» Source material:
···

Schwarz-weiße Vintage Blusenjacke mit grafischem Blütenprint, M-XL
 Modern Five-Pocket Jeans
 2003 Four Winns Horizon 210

···

» Requirement: Starting at the line with "Modern Five-Pocket Jeans", print each remaining line of the listing above exactly as it appears.

» Output:
 Modern Five-Pocket Jeans
 2003 Four Winns Horizon 210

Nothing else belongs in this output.